According to the World Economic Forum, eight of the top 10 job roles that are increasing in demand are in the technology space. Prior to the travel restrictions, skilled immigration has helped to meet some of this growing need for Australian businesses, but even that has slowed as a result of the pandemic.
What does this mean for retail? At a time when it is most critical to innovate, retailers are likely to face a core technology talent shortage and finding the right people will be incredibly tough. So, while you may have your technology plans already in mind, you also need to develop talent strategies that sit alongside these plans. This would require tapping into the right knowledge and skills, both internally and externally, to ensure your technology plans are fit for purpose and create long-term business value for the organisation.

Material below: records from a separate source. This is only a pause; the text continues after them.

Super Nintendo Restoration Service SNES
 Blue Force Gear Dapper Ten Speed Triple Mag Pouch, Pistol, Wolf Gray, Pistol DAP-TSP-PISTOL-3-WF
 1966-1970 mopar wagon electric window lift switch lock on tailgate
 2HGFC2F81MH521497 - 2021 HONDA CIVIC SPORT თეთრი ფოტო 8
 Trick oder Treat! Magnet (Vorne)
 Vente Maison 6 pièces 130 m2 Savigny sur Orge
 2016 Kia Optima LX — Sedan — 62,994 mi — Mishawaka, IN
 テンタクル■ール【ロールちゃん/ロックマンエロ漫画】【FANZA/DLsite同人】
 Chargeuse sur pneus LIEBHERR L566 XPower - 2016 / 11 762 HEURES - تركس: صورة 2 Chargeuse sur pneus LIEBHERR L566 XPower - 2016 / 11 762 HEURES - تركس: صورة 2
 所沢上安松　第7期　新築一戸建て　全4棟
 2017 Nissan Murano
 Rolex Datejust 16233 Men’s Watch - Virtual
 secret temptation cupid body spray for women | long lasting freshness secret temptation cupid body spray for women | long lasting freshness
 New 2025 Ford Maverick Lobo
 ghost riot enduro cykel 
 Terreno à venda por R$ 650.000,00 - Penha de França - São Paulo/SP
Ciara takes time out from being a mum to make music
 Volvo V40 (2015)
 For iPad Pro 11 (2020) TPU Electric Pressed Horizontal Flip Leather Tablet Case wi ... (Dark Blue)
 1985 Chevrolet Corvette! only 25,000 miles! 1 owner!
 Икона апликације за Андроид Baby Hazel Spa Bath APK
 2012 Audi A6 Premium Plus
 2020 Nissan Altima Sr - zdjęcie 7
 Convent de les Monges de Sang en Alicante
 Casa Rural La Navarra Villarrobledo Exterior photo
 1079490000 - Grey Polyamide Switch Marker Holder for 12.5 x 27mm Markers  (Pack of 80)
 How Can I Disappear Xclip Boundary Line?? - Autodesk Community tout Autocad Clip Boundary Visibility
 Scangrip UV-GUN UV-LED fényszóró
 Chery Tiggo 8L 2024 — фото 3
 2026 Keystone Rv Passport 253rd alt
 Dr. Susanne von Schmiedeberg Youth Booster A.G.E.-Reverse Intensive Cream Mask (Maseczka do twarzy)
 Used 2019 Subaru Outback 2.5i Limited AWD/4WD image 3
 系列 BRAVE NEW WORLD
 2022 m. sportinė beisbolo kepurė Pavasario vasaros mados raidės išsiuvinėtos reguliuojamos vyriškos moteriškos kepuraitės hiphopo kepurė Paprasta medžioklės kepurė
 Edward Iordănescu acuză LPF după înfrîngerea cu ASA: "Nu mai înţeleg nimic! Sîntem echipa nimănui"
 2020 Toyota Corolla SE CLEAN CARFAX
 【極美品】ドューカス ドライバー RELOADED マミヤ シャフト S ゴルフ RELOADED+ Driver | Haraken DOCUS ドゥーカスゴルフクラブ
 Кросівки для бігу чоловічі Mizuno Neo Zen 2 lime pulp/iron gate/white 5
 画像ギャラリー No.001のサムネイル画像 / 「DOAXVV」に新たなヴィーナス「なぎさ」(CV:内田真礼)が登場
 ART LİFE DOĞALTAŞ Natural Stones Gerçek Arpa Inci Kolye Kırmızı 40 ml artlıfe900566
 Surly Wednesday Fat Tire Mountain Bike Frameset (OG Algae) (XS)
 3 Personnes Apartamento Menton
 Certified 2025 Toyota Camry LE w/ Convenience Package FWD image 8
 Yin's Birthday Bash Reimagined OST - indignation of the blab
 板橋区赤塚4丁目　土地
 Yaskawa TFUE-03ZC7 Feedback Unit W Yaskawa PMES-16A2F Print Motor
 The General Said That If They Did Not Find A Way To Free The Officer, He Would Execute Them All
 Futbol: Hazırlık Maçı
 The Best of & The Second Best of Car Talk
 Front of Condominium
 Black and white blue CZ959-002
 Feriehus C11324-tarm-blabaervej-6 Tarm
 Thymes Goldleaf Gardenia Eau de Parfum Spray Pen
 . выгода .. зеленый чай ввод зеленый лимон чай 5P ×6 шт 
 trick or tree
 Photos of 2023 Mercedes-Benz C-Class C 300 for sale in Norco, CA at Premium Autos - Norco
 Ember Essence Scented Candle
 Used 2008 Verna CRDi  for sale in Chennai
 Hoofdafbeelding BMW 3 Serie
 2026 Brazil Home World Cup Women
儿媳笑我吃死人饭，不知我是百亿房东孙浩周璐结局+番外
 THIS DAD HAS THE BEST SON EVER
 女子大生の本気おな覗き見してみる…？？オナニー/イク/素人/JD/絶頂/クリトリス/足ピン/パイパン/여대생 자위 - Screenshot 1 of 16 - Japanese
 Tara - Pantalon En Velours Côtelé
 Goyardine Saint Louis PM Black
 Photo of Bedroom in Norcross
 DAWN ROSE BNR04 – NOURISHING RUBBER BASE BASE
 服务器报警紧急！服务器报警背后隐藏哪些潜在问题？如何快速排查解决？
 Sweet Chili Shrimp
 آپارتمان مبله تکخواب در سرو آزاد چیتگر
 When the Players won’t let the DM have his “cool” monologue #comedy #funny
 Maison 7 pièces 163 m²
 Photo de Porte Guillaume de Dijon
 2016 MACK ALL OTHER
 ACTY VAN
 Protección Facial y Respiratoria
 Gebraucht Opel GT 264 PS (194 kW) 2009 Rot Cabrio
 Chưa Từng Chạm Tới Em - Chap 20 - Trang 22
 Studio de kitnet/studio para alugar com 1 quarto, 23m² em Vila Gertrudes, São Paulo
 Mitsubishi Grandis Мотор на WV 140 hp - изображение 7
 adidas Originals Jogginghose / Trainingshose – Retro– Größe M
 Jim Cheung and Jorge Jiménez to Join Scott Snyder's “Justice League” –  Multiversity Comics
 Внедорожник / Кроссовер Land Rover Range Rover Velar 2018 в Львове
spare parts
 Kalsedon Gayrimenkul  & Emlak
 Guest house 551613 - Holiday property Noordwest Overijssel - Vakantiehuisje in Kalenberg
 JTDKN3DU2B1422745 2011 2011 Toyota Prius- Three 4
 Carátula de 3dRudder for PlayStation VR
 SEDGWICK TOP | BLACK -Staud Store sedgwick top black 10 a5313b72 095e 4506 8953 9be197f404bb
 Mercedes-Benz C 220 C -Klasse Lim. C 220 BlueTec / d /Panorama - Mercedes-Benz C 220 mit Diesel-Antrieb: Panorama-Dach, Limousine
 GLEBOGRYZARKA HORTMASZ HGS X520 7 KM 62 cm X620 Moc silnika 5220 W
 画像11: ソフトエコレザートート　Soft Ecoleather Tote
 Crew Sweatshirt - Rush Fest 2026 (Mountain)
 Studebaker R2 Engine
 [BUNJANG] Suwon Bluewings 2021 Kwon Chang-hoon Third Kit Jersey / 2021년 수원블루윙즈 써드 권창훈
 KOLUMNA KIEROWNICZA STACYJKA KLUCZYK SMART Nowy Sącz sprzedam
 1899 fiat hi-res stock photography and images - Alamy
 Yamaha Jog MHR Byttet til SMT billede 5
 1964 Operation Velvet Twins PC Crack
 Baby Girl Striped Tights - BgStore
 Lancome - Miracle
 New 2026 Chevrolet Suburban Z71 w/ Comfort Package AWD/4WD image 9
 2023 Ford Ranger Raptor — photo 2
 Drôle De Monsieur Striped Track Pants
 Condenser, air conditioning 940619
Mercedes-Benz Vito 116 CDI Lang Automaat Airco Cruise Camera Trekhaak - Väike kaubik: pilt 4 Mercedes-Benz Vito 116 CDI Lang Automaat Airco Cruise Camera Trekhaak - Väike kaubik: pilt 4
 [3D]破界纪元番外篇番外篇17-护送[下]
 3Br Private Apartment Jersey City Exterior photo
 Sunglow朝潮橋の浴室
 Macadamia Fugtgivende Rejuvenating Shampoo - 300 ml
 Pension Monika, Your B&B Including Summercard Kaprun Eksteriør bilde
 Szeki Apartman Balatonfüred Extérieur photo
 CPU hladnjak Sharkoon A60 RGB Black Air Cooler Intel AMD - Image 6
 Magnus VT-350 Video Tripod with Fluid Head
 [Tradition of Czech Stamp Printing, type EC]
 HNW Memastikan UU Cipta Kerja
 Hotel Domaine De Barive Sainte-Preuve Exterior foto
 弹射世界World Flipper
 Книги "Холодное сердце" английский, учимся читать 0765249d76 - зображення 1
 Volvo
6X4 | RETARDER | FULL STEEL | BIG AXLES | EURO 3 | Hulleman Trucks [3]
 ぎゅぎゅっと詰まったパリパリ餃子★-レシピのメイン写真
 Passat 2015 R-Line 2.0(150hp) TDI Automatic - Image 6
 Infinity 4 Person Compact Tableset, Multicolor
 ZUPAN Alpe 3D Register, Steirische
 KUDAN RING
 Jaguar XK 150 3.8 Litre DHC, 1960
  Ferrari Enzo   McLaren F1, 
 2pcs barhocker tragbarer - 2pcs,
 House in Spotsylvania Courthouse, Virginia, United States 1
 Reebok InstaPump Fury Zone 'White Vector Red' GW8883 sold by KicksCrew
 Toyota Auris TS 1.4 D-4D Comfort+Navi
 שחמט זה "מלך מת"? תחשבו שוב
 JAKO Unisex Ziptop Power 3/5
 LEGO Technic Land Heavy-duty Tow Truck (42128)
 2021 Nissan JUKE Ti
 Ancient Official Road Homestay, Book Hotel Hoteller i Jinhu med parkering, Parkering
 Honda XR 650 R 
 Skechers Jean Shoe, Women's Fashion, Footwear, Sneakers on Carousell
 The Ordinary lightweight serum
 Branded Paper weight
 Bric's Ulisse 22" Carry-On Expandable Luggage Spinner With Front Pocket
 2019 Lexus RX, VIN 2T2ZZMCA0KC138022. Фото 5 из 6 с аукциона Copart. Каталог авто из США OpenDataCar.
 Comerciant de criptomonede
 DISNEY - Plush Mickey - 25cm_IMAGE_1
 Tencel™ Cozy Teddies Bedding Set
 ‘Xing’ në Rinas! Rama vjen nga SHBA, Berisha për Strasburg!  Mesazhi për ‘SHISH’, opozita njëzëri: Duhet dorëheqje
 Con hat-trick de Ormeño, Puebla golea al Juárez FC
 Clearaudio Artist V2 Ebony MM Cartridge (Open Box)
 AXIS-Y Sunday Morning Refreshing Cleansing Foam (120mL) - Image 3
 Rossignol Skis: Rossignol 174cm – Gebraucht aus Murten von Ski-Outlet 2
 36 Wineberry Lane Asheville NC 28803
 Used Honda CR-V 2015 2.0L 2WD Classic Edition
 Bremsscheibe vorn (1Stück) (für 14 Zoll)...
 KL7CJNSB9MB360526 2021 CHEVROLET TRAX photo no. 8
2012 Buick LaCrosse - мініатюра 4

Increasingly we are seeing organisations adopt a myriad of approaches to overcome talent shortage. In addition to investing in upskilling their best and brightest employees, companies engage third-party experts for their industry expertise and delivery capability to enable knowledge transfer and fast track innovation. Others are forming partnerships with training institutions and universities to develop short courses and curriculums that are geared towards the needs of their industry.
Whichever way you look to solve your technology talent challenge, one thing is clear: there’s no going back to the pre-pandemic ways of doing business. Emerging technologies will be a core component of the customer experience, the employee experience and business operations for all successful retailers from here on out.
Lourens Swanepoel is data and AI lead at Avanade Australia.